Your instructions
Give back exactly the lines starting at the one with "Керамогранит Vitra SityMarble" and ending at the last line of the data below. Pictures are not part of the copy.

Given material
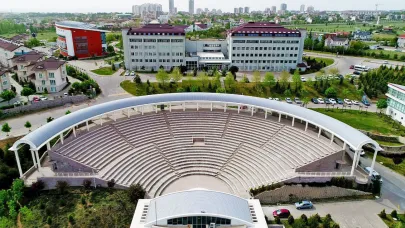 Atılım Üniversitesi Akademik Kadro İlanı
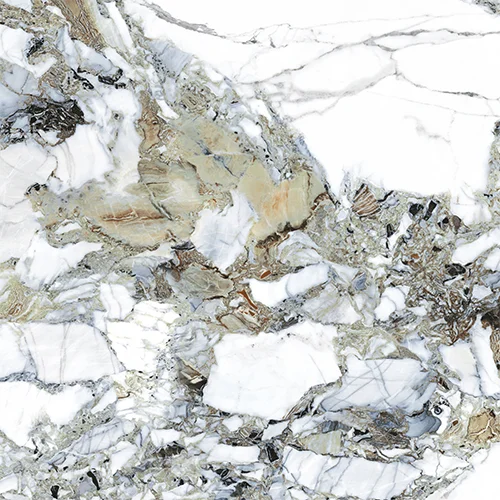 Керамогранит Vitra SityMarble Амазония Мультиколор 60х60 (Лаппатированная и Реттифицированная) в Воронеже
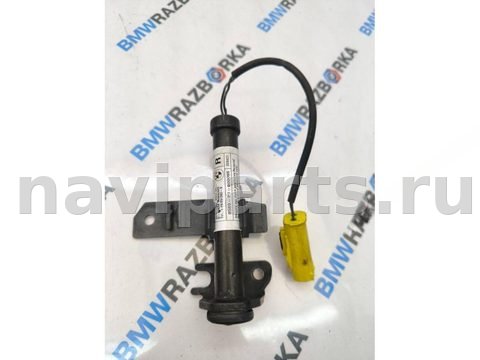 Пиропатрон петли капота BMW M4 G82, 2021 г., OEM 51237449430, арт. 191-223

Result for this task
 Керамогранит Vitra SityMarble Амазония Мультиколор 60х60 (Лаппатированная и Реттифицированная) в Воронеже
 Пиропатрон петли капота BMW M4 G82, 2021 г., OEM 51237449430, арт. 191-223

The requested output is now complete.